The changes adopted compared to the draft bill are manageable. For example, anti-constitutional statements made by civil servants has been added to the list of reportable circumstances. In addition, however, the HinSchG that has now been passed also contains a number of changes introduced by the Judicial Committee that are relevant to corporate practice and the establishment of internal reporting channels:
- It is now expressly stipulated that companies must provide the option of anonymous reporting and subsequent anonymous communication with the whistleblower. Whereas the processing of anonymous reports was merely recommended in the draft bill, the new law now contains a mandatory provision. The obligations to enable anonymous reporting will not come into force until 01.01.2025 (Section 42 (2) HinSchG). The legislator justifies the later entry into force of this obligation with the additional costs for the necessary technical devices or the commissioning of an ombudsperson as well as with the additional burdens for the concrete establishment of the reporting office.
- Even though there was no specific change to this in the law, the Judicial Committee expressly emphasized that a group solution was welcomed. Verbatim:
“For affiliated companies, the concentration of expertise for processing internal reports is often of great importance in order to ensure rapid and professional case handling. On the one hand, this ensures a high level of protection for whistleblowers, but on the other hand, it also makes it possible within the group of companies to identify Group-wide problems and the causes of problems in a more targeted manner and to take effective remedial action. In the explanatory memorandum to Section 14 (1) of the HinSchG, the government draft presents a possible solution based on this provision (the so-called “group solution”). According to this, the internal reporting office of a company can not only be “outsourced” to law firms, for example, but an independent and confidential office can also be established centrally at a group company as a third party within the meaning of Section 14 (1) HinSchG. (…) The Committee expressly welcomes this possible solution and points out its high practical relevance.“
- The retention period for the documentation of the notification is extended from two to three years in order to establish a synchronization with the statute of limitations under civil law.
- Companies must design their internal reporting offices in such a way that they create incentives to give priority to using the internal over the external (official) reporting office.
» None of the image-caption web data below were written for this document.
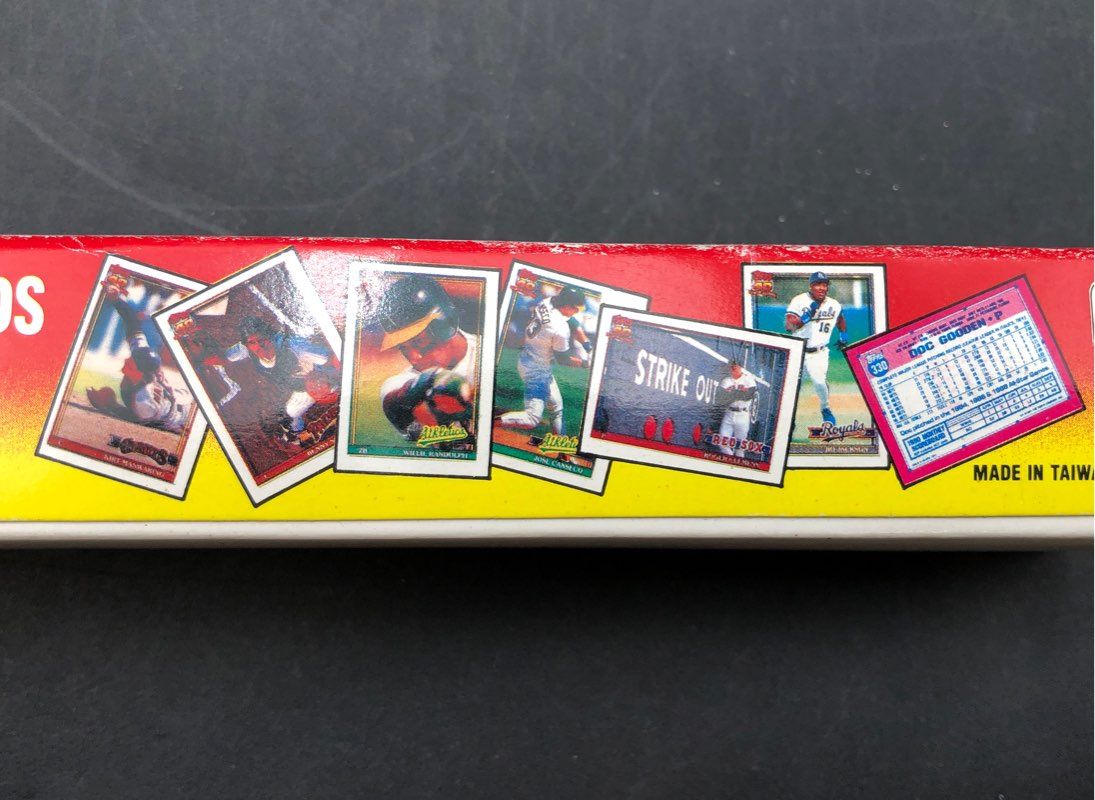 Lot Of Topps Micro Baseball MLB Cards. Medium Box, Unsorted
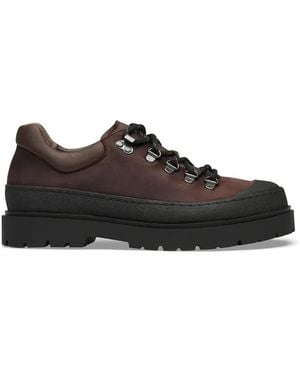 Birkenstock Prescott Leather Lace-Up Shoes - Black
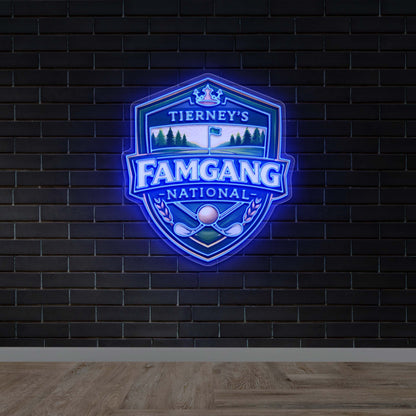 FAMGANG NATIONAL - Premium Neon Artwork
The recommended resolution does not go into detail about what these incentives should be; it only makes general reference to a transparent description of the reporting procedure, a good communication culture, the promotion of social responsibility and effective protection against reprisals. However, this statutory provision is in line with standard legal advice anyway because companies naturally have an original self-interest in ensuring that possible violations of the law are first reported internally, so that for this reason alone a system should be attractive for employees.
- In addition, the possibility of compensation for non-material damage, i.e. damage caused by economically intangible reprisals such as mobbing, has been added.